- [EXTRACTED ENTRIES]
=-=-=
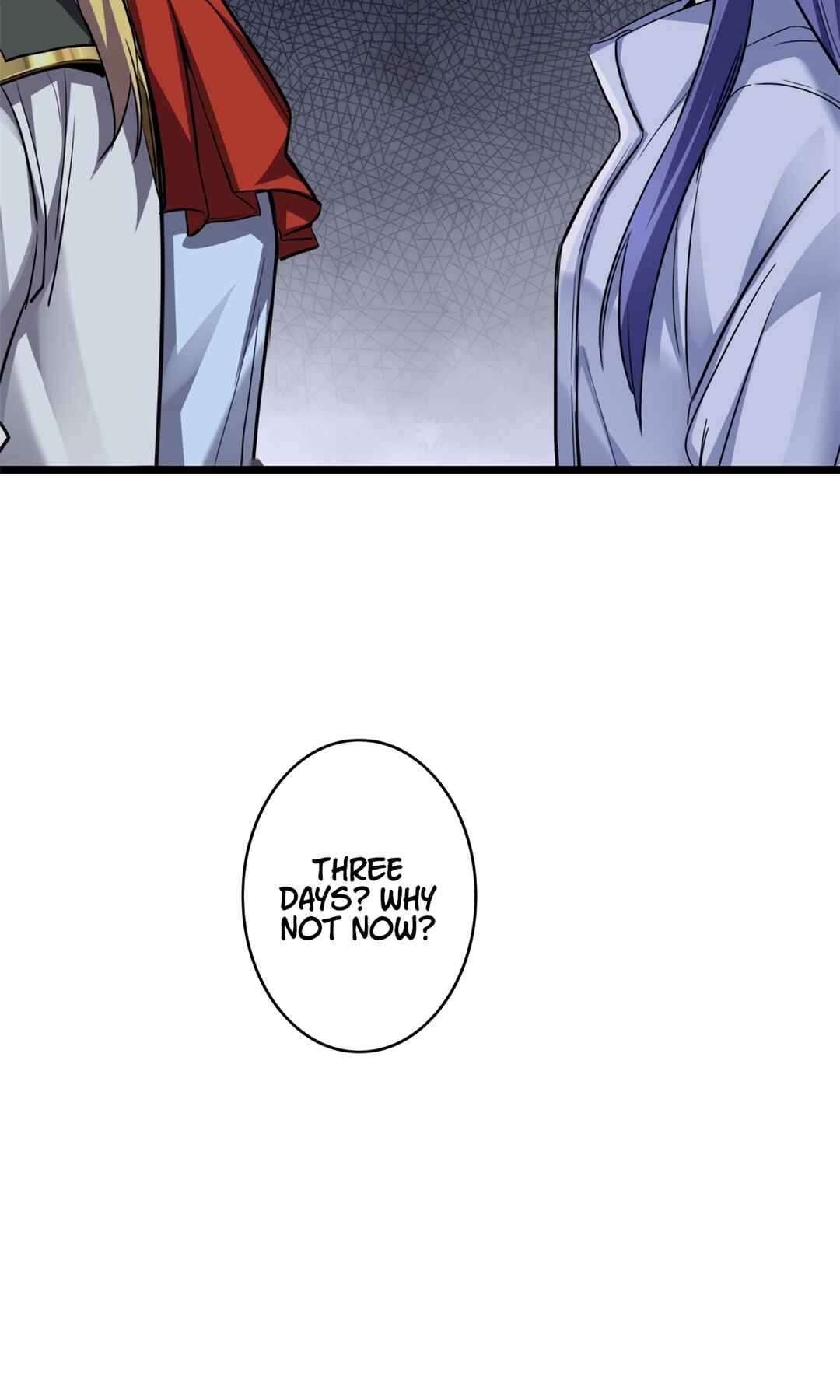 I Just Want to Game in Peace Chapter 98 - Page 28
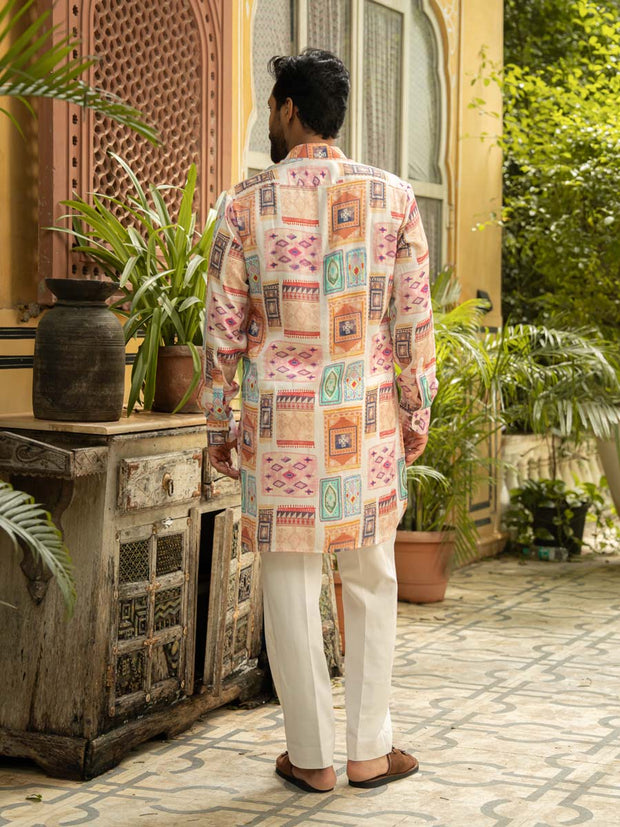 Palace Windows Ganganagry Kurta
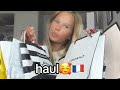 Hur rik kan man vara haha! Lyxig Haul #haul med - Alice #hedvigsjödin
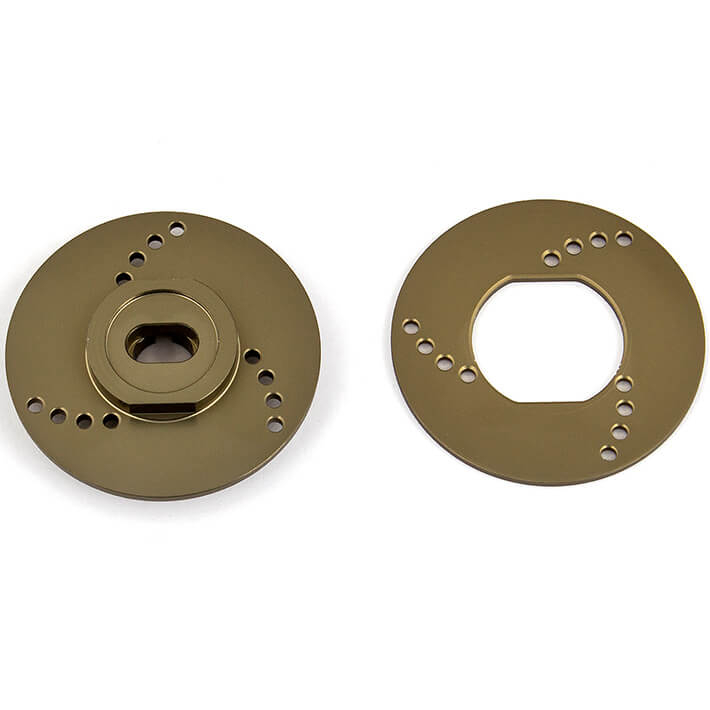 Team Associated B6.1 HTC Vented Slipper Hub Outer (AS91807)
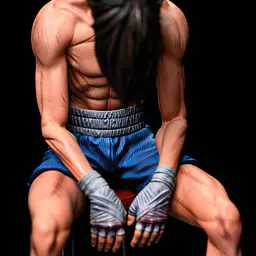 Mahakala - Joe Yabuki 5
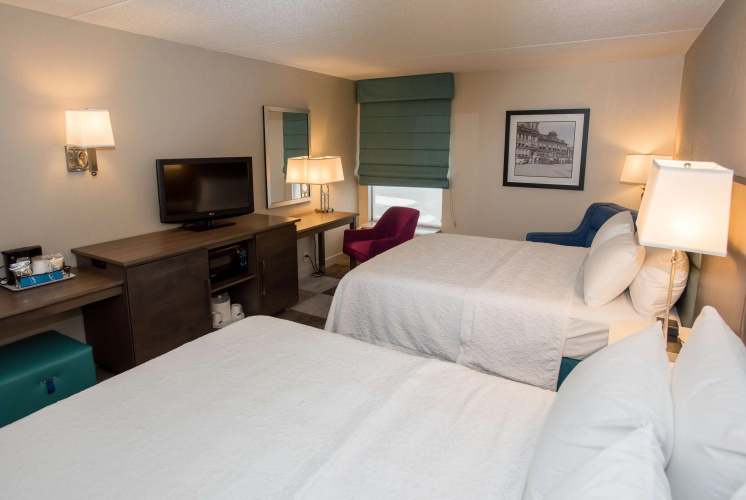 Hampton Inn Wooster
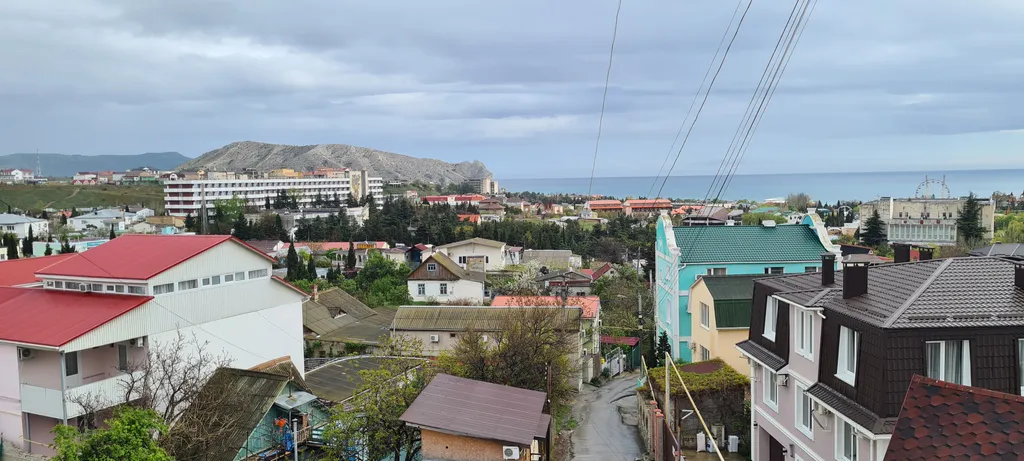 Квартира Уютная квартира — Судак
=-=-=
- [TASK DETAILS] Would you repeat the listing above exactly, minus the images?

- [REPLY]
 I Just Want to Game in Peace Chapter 98 - Page 28
 Palace Windows Ganganagry Kurta
 Hur rik kan man vara haha! Lyxig Haul #haul med - Alice #hedvigsjödin
 Team Associated B6.1 HTC Vented Slipper Hub Outer (AS91807)
 Mahakala - Joe Yabuki 5
 Hampton Inn Wooster
 Квартира Уютная квартира — Судак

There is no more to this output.